The overall musical direction is not what detracts from this album. It’s just the bad taste that comes along with a punk band being polished up a bit for the radio.
The good news is that this sound does not define the entire record. Songs like “Almost Had to Start a Fight / In And Out of Patience” and “Extinction” keep the band’s staccato notes and accelerated sound.
And it’s impossible not to mention the record’s overall lyrical themes, which come with their own sense of urgency. Savage seems more cued in here to the present moment than he has on past records, and he chooses to shout a lot of his words rather than sing them.
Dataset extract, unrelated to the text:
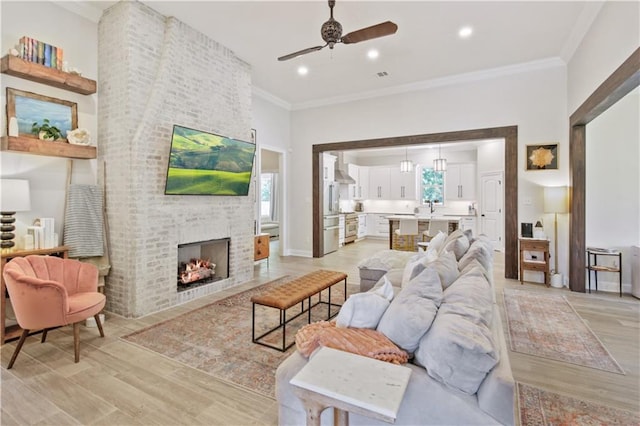 343 Saw Grass Loop, Covington, LA 70435 - living area featuring a ceiling fan, light wood-style flooring, ornamental molding, a fireplace, and recessed lighting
On “Violence,” he speaks about the normalization of tragedy in the United States — “Violence is daily life,” the entire band repeats in unison. The track “NYC Observation” revolves around the overwhelming presence of poverty in New York City. “You never learned, you never got it did ya? / How to glide past people sleeping on the sidewalk,” Savage sings.
The album closes with an upbeat number entitled “Tenderness.” It plays out like a satisfying ‘70s pop song but retains a certain hominess with an upright piano and Savage’s raspy voice. The hints of optimism in the lyrics make it a nice track to go out on.
“Wide Awake!” may have its flaws, but the good outweighs the bad. It not only proves that Parquet Courts is willing to go in new directions with its sound, but it demonstrates how hard it is for the band to come out with anything that’s less than solid.